I capodogli grugniscono per scambiarsi le impressioni e gracchiano molto
ritmicamente emettendo stridi assai sonori per esplorare lo spazio. Si
capiscono e si reperiscono fra loro perfettamente, anche alla distanza di più
di tre miglia marine. Questo spiega perché si incontrino individui giovani
isolati lontani dai genitori: sanno di continuo e reciprocamente dove si
trovano e che cosa fanno. Questa localizzazione e questo stare in ascolto
non sono né automatici né passivi. Penso che i cetacei debbano orientare
emissioni e recezioni, e girarsi come antenne del radar per esplorare lo
spazio. In superficie i capodogli esplorano continuamente gli abissi marini
con il loro sonar: tac, tac, tac, tac….e se scoprono uno o più calamari di
grandi dimensioni sotto di loro, a 600-800 metri, o anche a 1000 metri,
scendono a capofitto e si dirigono verso la preda senza esitazioni. Questa
perpendicolarità del piano del sonar spiega, secondo me, le immersioni dei
capodogli e dei globicefali. Il fracasso dei motori fuoribordo riesce particolarmente
spiacevole a questi animali. Probabilmente è una questione di frequenza. Per
questo, la tattica della ‘giostra’ di un fuoribordo che volteggia come un calabrone
intorno a uno di loro, vicinissimo, è spesso coronata da buon successo. Al centro
di quel cerchio infernale il capodoglio, probabilmente con il sonar disturbato,
rimane in superficie, furibondo di non riuscire a muoversi, perché senza
dubbio la possibilità di immergersi è collegata alle informazioni del sonar.
Se il sonar dà informazioni confuse, sprofondare è impossibile. Qui non
si può parlare di ‘riflessi‘, perché il capodoglio ha uno psichismo abbastanza
sviluppato da fargli operare una scelta nel modo di condursi.

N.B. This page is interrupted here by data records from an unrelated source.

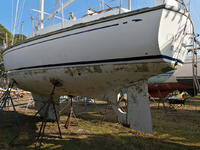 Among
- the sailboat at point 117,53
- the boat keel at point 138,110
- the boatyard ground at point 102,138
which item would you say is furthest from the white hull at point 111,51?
the boatyard ground at point 102,138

Prima di capire perfettamente l’efficacia del loro sistema acustico, abbiamo
accusato alla leggera i capodogli di mancanza di solidarietà.
Sbagliatissimo.
Quando uno dei loro è in difficoltà, il capo prende la decisione di far ripiegare
tutto il branco. Ma rimangono tutti nel raggio del sonar, il che può significare
qualche miglio. Se l’incidente si prolunga, mandano un emissario o emissari:
la madre se si tratta di un giovane, un grosso maschio se si tratta di un adulto.
In parecchi casi di questo genere il branco è scomparso un miglio a est del
prigioniero, ed è ricomparso un miglio a ovest trenta o quaranta minuti più
tardi. Dato che per percorrere tale distanza ci vogliono per loro meno di
venti minuti, il gruppo si era certamente fermato un bel momento, chiamando
il compagno, avvertendolo che lo avrebbe aspettato….proprio entro il raggio
di facile ascolto per un animale in superficie.